Implementations in this package are thin adapters around a storage.DCRCredentialStore — the durable map / Redis hash lives over there, and this interface adds a per-call Resolution <-> DCRCredentials translation. There is exactly one persistence implementation per backend: storage.MemoryStorage and storage.RedisStorage. See NewStorageBackedStore for the adapter.
func NewStorageBackedStore ¶
func NewStorageBackedStore(backend storage.DCRCredentialStore) CredentialStore
NewStorageBackedStore returns a CredentialStore that delegates to a storage.DCRCredentialStore for durable persistence and translates Resolution values into DCRCredentials at the boundary.
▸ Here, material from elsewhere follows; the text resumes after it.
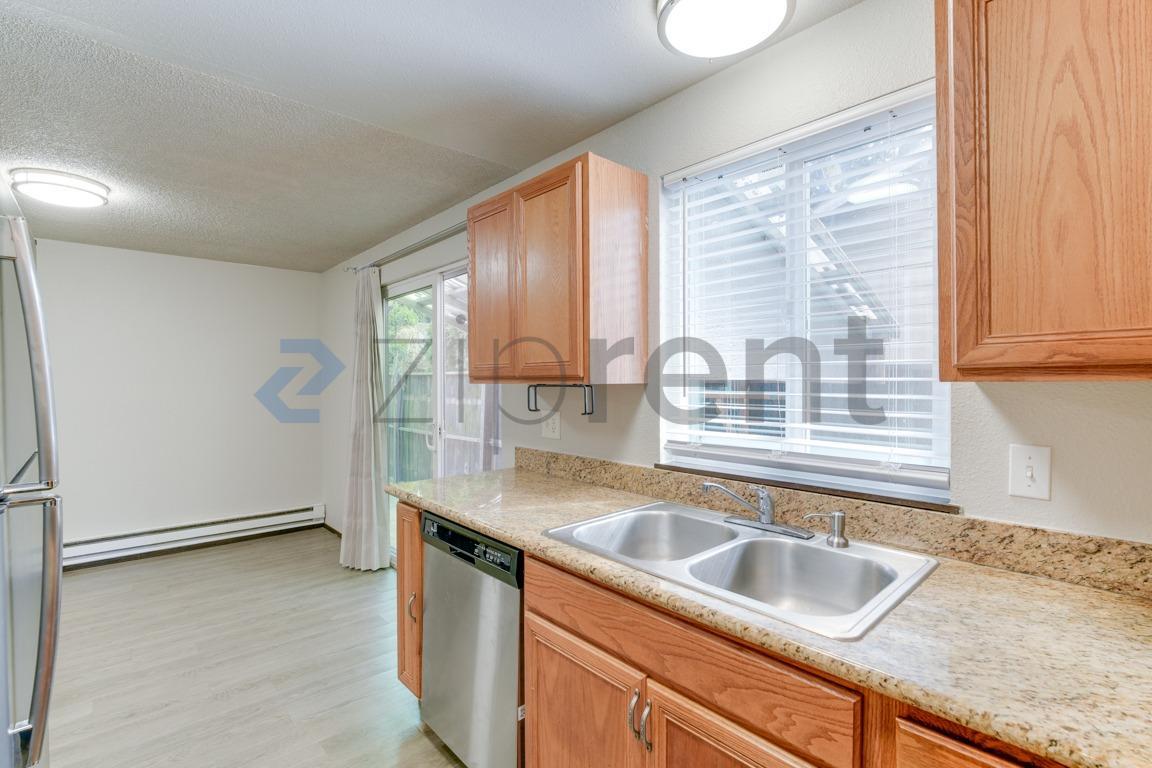 Building Photo - Unit A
The returned store is safe for concurrent use because the underlying storage.DCRCredentialStore must be (per its interface contract).
Panics if backend is nil — a nil backend is unambiguously a programming error and silent acceptance would only delay the eventual nil-pointer dereference to the first Get/Put call, far from the constructor site.
type Key ¶
Key is a re-export of storage.DCRKey, kept as a package-local alias so callers in this package can reference the canonical cache key without an explicit storage. qualifier on every call site, while the canonical definition lives in pkg/authserver/storage. The canonical form (and its ScopesHash constructor) MUST live in a single place so any future Redis backend hashes keys identically to the in-memory backend; see storage.DCRKey for the field documentation.
type Request ¶
type Request struct {
// Issuer is the caller's logical scope for cache keying and (when
// RedirectURI is empty) the basis for the default redirect URI
// ({Issuer}/oauth/callback). Required.
//
// What each consumer puts here:
//
// - Embedded authserver: its own issuer identifier. The authserver
// owns a distinct logical identity from the upstream IdP, and
// defaulting RedirectURI to {Issuer}/oauth/callback lands the
// callback on the authserver's origin (correct).
// - CLI OAuth flow: the upstream OAuth provider's issuer URL,
// because the CLI has no separate logical issuer of its own. The
// CLI always supplies an explicit loopback RedirectURI per
// RFC 8252 §7.3, so the redirect-URI defaulting is never
// exercised on this path.
//
// The resolver's cache key is (Issuer, RedirectURI, ScopesHash); the
// two consumers do not collide on the key because the embedded
// authserver's RedirectURI lives on the authserver's origin and the
// CLI's lives on a loopback (RFC 8252 §7.3) — even when Issuer
// happens to match between the two profiles, the RedirectURI
// component keeps the cache key distinct. See the cross-consumer
// caveat on dcrFlight in resolver.go for the wider invariant.
//
// Issuer is *not* used for RFC 8414 §3.3 metadata verification —
// that uses an issuer recovered from DiscoveryURL inside the
// resolver.
Issuer string
// RedirectURI is the redirect URI to register with the upstream. When
// empty, the resolver derives {Issuer}/oauth/callback. HTTPS is required
// except for loopback hosts (RFC 8252 §7.3 — the CLI flow uses
// http://localhost:{port}/callback).
RedirectURI string
// Scopes are the OAuth scopes to request in the registration body.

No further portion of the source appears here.